November 22, 2013 marked my sixth dose of Taxol! This is the half way point through my Taxol treatments. I'm not half way done with all my chemo, but it's half way through this particular treatment, and I'm celebrating each and every milestone on my way to survivorship and recovery I can grasp!
My husband took me to treatment this week. He hasn't been able to take me to other treatments so far as it's hard for him to get off work, so it was cool that he got to take me to my sixth treatment, which I had been counting down to. I do not have Chemo this coming Friday due to the holidays. It's Monday, December 2 instead. This means I'll be getting my chemo three days late; but I will be getting it back on schedule over the course of the three following weeks. I'm obsessive about not wanting to miss a single dose or get off track.

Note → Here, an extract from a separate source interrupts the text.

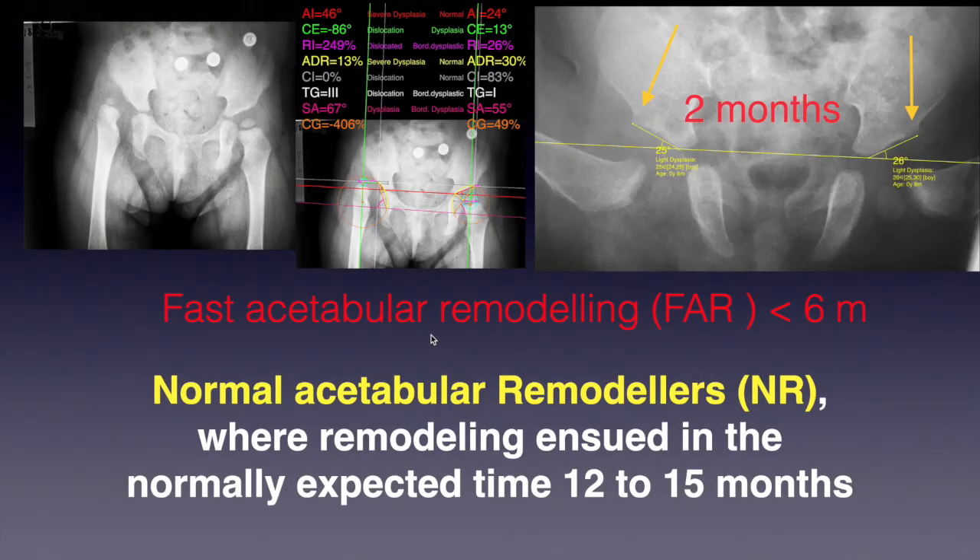Acetabular remodeling on radiographs during phase B was evaluated by observing the change in the acetabular index (AI) over time on serial X-ray measurements. We measured the AI prior to treatment and at the end of treatment, defined as the point where the acetabular index was in normal range for the age and gender of the child. The patients were divided into two groups according to the time required to remodel the dysplastic acetabulum completely.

While at treatment yesterday, I did experience a little hiccup I wasn't expecting. My first two treatments, I was given pre-medication to prevent an allergic reaction to the Taxol. If you don't experience a reaction, you're not required to continue getting these pre medications One of the pre-medications is a healthy dose of steroids. I hated how they made me feel plus they made my face, chest and back break out horribly. My face looked like a teenager's! It took me two weeks to clear up my face after my last dose of steroids. Chemo wrecks havoc on your confidence and self image. Having tons of acne makes it even worse! Unfortunately, about ten minutes into my treatment yesterday, I began feeling short of breath and my chest hurt--as if I had been running in the cold air. I had felt this way last week during treatment, but it was mild, so I ignored it. This week, it was more noticeable, and I was afraid to not say anything again.

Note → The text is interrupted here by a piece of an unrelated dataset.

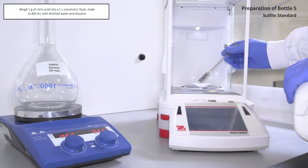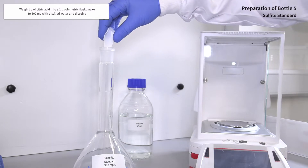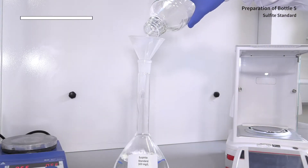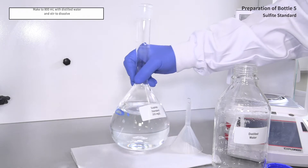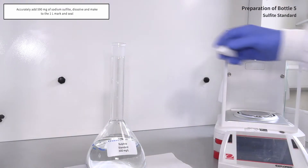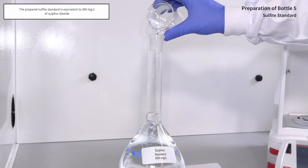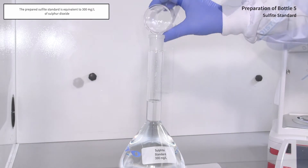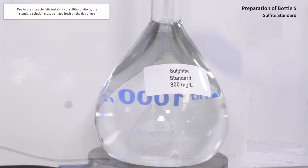To prepare the kit standard, weigh 1 gram of citric acid into a 1 litre volumetric flask. Make to 800 millilitres with distilled water and stir to dissolve. Accurately add 590 milligrams of sodium sulphite, bottle 5, and dissolve by stirring, then make to the 1 litre mark and seal. This sulphite solution is equivalent to 300 milligrams per litre as sulphur dioxide and should be used directly in the assay. Due to the characteristic instability of sulphite solutions, they will lose approximately 2% of the sulphite content per hour. Therefore, this solution must be made fresh on the day of use.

Chuck alerted my nurse, and there was a flurry of activity. I felt silly for causing such a scene. Suddenly, there was 5 and 6 nurses and doctors in my room and checking me and asking questions. I already was wishing I hadn't said anything. I kept thinking to myself "It's really not a big deal". The nurses immediately turned off my Taxol drip and began checking my vitals. Everything checked out fine and within normal range. About five minutes after the Taxol drip was turned off, the shortness of breath and chest pain went away. My doctor came in and checked me; and she determined it was definitely an allergic reaction. A mild one; but a reaction none the less. She ordered a steroid shot, to wait 15 minutes, check my vitals again, and if all checked out, start the Taxol again. Needless to say, I wasn't thrilled about the steroid shot. I actually begged her not to give it to me. Unfortunately, she wasn't having any of it; and I not only had to get it yesterday, I have to have it each week prior to treatment now.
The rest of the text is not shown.